Short descriptive text snippets
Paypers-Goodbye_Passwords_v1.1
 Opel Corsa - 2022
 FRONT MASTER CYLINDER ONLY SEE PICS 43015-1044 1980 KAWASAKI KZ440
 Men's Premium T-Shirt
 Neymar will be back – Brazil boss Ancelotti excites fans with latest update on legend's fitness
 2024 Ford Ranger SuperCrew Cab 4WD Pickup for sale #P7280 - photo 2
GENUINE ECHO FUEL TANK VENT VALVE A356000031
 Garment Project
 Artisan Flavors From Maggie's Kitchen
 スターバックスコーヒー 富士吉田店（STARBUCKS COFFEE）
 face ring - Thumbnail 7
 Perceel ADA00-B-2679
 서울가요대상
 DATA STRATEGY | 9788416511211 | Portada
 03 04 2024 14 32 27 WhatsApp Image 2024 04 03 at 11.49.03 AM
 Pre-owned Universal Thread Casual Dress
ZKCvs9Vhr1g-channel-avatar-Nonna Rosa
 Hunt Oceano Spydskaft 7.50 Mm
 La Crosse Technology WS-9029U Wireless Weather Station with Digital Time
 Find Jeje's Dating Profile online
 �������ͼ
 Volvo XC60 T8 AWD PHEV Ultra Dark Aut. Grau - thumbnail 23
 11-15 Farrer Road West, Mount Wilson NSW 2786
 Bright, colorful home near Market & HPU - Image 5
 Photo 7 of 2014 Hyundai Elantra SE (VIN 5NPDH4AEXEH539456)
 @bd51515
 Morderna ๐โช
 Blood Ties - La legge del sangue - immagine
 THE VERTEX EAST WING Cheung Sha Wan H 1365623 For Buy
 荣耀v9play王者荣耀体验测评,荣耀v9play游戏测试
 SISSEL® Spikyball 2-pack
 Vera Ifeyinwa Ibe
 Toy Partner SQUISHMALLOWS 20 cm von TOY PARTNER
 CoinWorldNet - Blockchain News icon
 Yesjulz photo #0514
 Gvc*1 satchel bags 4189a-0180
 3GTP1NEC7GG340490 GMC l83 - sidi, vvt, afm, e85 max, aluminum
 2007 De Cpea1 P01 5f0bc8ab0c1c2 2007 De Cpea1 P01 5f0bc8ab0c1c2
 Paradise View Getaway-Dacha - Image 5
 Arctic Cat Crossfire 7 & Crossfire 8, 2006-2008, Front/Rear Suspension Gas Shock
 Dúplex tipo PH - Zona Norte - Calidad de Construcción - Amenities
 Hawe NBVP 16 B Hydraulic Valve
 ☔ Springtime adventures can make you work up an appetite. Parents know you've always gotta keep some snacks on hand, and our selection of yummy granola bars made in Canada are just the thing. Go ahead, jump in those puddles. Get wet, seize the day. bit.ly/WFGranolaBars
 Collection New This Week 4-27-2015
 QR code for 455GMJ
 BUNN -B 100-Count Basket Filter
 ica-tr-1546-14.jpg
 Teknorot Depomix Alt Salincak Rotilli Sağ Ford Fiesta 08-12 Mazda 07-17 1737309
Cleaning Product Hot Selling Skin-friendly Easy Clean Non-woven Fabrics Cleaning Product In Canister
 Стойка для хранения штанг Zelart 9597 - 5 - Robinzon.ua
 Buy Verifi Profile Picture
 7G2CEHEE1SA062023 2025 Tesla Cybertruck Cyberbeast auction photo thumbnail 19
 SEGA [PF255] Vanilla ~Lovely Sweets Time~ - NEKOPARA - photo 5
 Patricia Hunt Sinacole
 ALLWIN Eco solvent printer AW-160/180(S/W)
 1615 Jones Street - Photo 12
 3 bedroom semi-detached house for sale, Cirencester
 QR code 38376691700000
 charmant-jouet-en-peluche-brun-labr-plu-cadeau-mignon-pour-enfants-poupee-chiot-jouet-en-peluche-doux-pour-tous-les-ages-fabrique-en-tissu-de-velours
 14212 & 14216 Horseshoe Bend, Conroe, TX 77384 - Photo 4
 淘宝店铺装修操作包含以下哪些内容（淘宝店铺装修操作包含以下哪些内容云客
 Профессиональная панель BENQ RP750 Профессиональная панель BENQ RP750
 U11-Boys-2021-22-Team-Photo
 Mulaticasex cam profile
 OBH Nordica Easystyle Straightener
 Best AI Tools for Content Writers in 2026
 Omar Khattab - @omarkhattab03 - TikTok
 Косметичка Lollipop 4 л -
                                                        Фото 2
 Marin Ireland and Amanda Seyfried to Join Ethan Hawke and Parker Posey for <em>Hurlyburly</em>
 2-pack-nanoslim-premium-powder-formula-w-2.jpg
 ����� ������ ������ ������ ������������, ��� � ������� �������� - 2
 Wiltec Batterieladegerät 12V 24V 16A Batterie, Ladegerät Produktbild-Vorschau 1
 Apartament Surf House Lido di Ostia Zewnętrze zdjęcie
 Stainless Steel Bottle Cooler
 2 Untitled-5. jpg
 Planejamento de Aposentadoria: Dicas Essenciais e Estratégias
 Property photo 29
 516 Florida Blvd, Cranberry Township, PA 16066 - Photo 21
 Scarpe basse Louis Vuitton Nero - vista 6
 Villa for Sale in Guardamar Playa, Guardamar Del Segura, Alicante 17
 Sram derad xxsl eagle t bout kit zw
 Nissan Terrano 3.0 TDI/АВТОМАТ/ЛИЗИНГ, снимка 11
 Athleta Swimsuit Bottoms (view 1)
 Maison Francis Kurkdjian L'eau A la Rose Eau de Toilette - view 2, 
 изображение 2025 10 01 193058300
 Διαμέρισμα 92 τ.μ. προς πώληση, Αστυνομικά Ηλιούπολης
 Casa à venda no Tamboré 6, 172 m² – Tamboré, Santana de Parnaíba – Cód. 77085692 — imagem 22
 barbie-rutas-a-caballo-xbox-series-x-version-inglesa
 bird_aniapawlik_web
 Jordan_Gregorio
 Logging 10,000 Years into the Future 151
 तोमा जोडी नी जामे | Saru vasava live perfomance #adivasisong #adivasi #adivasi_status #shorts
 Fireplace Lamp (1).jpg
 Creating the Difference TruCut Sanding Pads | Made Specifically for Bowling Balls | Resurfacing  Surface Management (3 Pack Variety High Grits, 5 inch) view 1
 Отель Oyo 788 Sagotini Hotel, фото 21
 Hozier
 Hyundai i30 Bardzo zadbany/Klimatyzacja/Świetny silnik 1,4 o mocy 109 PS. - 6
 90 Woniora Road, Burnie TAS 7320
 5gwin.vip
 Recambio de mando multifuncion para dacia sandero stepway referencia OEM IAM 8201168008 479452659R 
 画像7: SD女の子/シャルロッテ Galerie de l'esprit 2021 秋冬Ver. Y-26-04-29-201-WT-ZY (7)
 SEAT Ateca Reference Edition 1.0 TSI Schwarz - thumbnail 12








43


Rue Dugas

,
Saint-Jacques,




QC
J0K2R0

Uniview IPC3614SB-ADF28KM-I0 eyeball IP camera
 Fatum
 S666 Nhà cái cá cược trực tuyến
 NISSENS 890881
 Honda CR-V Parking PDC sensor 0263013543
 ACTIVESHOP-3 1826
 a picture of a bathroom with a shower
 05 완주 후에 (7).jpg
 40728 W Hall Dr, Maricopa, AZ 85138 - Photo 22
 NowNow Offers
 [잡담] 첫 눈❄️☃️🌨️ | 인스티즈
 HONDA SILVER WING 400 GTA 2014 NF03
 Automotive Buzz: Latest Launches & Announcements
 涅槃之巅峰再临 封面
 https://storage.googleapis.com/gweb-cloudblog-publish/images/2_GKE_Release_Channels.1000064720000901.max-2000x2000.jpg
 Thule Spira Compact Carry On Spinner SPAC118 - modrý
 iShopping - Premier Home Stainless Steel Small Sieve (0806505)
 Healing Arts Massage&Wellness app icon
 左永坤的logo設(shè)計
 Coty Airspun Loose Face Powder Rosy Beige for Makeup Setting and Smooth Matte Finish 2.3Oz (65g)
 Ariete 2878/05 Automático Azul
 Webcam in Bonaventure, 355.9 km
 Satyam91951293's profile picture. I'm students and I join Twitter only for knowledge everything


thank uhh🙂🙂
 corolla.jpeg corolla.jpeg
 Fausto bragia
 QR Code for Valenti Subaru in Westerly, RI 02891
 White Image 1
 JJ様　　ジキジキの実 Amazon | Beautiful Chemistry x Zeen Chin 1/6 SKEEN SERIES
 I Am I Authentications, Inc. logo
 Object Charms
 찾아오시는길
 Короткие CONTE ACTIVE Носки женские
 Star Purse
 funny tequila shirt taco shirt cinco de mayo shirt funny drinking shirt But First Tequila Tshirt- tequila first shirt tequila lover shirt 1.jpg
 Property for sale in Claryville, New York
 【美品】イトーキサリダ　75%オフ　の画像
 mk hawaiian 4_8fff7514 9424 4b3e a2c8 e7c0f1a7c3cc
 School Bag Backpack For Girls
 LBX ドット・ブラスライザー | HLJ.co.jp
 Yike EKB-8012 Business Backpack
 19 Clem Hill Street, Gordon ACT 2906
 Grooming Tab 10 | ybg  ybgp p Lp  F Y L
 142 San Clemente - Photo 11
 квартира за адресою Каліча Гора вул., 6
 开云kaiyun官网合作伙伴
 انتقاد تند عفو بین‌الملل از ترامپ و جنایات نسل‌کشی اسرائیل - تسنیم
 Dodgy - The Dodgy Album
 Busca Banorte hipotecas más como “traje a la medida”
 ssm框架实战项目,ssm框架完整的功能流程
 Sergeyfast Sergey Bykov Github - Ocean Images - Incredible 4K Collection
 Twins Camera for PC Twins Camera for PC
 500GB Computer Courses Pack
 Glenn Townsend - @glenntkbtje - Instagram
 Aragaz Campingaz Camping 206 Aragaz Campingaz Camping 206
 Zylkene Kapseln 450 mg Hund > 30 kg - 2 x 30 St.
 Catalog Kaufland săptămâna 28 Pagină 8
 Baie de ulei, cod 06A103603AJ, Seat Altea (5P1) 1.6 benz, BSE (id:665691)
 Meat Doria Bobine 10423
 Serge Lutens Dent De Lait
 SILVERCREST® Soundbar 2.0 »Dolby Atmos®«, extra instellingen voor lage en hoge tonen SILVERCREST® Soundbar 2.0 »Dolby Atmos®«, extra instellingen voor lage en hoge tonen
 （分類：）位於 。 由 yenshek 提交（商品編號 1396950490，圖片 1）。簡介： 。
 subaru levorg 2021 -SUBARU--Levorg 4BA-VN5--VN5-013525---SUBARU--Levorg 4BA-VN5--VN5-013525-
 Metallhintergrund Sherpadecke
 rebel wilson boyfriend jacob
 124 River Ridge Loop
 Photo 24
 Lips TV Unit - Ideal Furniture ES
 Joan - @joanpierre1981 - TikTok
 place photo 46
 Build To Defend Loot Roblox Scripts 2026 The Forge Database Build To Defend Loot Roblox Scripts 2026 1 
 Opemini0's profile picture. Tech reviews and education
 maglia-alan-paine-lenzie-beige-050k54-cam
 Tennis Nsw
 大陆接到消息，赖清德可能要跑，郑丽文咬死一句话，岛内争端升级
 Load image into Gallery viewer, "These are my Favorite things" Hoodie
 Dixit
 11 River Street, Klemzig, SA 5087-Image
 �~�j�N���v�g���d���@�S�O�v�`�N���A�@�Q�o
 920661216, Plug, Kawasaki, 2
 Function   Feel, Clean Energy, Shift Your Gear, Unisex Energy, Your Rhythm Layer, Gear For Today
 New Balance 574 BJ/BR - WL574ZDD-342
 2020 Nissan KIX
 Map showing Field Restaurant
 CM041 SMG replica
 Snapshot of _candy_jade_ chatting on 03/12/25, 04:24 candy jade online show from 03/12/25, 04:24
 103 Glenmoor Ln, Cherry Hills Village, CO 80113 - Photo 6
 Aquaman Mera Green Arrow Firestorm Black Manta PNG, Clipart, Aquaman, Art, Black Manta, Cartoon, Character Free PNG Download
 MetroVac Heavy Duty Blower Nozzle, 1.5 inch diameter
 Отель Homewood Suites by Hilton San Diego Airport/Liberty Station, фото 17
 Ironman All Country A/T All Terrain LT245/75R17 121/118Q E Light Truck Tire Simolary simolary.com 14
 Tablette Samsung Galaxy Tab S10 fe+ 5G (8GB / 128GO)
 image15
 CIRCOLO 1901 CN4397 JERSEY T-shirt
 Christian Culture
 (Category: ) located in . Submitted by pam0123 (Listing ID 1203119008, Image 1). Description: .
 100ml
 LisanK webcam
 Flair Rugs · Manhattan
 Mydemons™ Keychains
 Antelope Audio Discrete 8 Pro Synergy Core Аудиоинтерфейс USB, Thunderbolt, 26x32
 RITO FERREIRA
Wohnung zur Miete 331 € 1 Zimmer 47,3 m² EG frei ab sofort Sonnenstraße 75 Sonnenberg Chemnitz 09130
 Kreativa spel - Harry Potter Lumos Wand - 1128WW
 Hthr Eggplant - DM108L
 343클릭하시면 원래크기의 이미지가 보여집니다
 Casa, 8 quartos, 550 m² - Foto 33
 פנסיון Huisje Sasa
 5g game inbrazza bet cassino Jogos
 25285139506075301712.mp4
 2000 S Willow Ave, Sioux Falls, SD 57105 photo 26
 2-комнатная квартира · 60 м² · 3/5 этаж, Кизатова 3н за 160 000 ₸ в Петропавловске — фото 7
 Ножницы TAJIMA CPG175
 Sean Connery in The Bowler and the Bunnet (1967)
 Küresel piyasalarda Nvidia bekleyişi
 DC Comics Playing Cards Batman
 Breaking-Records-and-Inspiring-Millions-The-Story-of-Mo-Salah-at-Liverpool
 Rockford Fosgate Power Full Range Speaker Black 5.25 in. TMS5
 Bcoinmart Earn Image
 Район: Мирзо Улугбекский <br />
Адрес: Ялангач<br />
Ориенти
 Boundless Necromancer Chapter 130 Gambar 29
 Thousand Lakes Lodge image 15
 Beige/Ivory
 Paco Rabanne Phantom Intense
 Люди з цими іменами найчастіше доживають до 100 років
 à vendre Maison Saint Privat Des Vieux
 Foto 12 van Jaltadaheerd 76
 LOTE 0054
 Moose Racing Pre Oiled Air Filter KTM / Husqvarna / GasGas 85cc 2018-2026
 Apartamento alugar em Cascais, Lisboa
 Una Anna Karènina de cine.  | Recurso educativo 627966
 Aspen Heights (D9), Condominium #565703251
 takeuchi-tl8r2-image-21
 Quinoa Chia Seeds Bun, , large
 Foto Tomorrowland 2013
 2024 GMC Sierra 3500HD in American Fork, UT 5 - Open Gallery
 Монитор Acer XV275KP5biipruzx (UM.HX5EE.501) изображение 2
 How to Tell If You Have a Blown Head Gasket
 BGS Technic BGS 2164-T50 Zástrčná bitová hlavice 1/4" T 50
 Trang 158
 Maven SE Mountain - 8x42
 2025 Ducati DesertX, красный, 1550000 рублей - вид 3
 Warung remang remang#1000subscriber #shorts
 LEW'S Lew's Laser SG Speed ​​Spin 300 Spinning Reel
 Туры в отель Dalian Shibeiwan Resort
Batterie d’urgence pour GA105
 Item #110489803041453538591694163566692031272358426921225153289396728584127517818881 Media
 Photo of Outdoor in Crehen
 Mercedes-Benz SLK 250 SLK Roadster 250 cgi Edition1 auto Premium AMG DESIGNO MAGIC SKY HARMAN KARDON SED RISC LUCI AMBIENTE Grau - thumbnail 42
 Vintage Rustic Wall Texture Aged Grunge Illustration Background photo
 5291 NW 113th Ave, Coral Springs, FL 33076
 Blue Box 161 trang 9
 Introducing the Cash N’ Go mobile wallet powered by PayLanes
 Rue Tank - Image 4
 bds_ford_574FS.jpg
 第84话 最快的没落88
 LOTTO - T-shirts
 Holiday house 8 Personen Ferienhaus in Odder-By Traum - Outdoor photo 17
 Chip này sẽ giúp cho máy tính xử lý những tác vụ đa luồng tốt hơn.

**REQUIRED WORK**
Where a line of the data above includes "Foto", copy that line.

**COMPLETED TASK**
 Casa, 8 quartos, 550 m² - Foto 33
 Foto 12 van Jaltadaheerd 76
 Foto Tomorrowland 2013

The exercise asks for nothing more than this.